* [Data extracted from a collection]
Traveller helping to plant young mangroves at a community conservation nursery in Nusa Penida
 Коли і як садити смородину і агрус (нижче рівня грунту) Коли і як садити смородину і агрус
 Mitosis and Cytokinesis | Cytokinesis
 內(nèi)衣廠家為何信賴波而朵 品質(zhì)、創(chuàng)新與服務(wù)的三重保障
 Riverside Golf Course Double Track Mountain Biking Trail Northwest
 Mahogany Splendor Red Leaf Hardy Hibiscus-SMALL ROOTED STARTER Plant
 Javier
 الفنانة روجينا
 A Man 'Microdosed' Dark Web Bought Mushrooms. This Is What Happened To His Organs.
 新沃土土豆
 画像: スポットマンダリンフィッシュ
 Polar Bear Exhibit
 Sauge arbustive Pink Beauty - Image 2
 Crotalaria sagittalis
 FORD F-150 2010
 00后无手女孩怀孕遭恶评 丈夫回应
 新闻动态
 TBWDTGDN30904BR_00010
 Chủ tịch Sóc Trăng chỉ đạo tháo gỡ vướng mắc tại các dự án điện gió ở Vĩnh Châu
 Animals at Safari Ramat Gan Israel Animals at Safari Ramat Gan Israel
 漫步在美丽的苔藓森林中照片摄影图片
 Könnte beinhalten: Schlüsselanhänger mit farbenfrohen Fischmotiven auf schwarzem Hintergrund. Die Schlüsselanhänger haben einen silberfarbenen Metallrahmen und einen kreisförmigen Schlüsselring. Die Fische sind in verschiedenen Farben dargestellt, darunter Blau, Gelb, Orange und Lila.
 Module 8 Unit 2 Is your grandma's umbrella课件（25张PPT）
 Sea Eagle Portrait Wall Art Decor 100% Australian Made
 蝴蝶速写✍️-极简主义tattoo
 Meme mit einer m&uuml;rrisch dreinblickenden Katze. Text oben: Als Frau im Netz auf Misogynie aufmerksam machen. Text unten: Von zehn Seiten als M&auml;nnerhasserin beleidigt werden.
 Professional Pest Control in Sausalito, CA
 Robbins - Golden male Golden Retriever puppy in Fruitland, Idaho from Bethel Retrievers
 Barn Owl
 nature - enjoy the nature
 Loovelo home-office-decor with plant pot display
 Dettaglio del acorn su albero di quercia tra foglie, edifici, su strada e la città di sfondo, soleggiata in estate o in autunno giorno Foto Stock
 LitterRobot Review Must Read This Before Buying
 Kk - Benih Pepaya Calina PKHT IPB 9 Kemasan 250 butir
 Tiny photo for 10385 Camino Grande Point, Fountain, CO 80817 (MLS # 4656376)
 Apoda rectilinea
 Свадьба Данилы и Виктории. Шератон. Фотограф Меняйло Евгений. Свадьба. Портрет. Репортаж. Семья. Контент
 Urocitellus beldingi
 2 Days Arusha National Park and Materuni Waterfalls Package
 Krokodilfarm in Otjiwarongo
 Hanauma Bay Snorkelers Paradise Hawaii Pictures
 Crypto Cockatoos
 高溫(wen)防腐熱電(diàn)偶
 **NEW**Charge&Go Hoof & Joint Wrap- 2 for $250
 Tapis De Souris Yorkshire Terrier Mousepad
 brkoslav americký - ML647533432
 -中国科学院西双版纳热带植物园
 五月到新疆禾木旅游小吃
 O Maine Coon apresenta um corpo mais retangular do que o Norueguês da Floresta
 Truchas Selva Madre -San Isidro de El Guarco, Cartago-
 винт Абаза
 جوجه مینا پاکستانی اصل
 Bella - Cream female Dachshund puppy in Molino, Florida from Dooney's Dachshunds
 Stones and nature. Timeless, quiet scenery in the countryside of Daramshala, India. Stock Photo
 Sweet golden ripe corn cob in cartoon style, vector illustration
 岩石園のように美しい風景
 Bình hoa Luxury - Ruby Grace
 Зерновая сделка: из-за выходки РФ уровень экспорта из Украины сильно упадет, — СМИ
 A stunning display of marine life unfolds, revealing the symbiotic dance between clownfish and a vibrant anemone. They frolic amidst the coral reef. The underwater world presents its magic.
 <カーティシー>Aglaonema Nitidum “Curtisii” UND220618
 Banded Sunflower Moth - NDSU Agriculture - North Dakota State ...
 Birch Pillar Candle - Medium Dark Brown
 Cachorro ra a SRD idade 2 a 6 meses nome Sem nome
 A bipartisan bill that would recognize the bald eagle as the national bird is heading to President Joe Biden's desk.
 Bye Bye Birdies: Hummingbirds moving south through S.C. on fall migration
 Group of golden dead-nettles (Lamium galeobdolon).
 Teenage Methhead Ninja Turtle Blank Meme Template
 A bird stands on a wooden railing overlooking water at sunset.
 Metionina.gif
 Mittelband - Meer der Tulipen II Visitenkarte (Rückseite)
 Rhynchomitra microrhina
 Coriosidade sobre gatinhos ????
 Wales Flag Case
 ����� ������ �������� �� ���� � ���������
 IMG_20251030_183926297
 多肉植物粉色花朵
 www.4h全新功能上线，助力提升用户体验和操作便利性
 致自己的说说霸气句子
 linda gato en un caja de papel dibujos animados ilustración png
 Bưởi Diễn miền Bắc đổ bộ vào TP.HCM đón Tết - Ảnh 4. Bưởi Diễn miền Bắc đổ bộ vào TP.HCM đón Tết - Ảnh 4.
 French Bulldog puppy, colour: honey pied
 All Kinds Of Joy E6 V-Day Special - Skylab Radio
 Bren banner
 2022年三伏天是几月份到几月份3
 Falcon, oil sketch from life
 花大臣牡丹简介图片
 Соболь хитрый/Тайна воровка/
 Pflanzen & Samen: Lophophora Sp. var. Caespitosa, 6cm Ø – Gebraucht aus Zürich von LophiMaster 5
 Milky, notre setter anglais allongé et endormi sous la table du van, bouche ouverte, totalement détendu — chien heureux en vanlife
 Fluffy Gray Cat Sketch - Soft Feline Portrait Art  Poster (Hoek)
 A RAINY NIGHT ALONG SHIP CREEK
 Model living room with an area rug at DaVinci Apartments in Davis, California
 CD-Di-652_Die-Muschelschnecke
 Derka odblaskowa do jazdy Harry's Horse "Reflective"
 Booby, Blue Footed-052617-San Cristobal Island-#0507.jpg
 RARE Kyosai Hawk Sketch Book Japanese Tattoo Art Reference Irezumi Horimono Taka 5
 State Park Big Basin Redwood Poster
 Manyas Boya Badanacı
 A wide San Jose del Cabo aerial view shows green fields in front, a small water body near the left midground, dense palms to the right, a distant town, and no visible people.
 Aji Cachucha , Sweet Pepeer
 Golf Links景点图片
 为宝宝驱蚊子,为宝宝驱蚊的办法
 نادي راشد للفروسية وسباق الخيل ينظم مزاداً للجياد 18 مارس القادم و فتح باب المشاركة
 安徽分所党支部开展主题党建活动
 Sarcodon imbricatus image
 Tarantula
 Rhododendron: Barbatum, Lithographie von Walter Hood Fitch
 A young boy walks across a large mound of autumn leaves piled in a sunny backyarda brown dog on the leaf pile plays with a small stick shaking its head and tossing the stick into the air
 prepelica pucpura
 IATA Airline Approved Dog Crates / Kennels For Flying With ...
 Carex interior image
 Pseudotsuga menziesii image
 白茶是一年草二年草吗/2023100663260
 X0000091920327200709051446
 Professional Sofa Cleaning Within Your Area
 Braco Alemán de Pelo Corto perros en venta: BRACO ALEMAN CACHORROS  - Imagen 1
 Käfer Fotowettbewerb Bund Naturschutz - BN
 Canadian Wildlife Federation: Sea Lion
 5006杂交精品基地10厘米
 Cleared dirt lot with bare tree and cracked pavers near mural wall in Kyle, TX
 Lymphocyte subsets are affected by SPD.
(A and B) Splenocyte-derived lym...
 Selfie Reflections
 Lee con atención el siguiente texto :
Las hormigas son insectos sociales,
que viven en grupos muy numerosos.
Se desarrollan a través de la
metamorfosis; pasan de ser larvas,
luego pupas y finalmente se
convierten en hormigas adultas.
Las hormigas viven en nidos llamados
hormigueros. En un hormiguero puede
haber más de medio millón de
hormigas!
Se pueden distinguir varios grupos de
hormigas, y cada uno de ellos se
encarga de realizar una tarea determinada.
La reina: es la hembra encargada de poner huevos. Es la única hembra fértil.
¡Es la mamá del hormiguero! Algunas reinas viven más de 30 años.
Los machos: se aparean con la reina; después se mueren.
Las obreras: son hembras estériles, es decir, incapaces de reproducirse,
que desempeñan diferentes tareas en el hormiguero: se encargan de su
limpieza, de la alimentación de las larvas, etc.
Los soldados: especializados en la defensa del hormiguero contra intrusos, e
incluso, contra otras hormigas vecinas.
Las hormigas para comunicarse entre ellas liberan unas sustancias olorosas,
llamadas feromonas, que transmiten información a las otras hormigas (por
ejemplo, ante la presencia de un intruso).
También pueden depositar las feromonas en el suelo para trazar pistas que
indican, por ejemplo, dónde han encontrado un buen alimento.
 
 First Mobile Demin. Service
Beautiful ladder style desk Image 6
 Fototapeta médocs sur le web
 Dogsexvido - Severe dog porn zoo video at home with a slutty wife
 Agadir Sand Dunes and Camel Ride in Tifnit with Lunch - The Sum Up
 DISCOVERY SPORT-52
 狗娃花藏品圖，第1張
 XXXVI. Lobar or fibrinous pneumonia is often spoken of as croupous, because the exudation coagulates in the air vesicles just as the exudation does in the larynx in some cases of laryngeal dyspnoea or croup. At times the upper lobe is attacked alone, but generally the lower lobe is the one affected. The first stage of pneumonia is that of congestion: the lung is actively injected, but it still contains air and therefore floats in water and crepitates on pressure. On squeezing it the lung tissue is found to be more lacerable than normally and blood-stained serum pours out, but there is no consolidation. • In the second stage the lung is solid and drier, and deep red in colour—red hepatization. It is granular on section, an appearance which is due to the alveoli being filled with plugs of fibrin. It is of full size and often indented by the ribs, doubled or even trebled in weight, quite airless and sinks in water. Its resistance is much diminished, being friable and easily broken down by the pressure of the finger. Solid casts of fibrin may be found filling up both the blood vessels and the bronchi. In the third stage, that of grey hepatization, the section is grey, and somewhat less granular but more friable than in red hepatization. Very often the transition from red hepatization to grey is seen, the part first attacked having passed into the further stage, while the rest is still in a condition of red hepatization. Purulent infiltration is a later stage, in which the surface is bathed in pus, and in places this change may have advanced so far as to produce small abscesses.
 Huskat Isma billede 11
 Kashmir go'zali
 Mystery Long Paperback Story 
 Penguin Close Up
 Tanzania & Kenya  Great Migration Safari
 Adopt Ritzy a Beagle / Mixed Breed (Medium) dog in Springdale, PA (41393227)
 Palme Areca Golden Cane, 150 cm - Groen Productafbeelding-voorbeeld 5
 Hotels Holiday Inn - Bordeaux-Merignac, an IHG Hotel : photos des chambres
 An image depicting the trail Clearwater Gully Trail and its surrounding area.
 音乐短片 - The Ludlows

* [EXERCISE AIM] When a line in the data holds the word "feromonas", show that line.

* [RESPONSE TO THE EXERCISE]
llamadas feromonas, que transmiten información a las otras hormigas (por
También pueden depositar las feromonas en el suelo para trazar pistas que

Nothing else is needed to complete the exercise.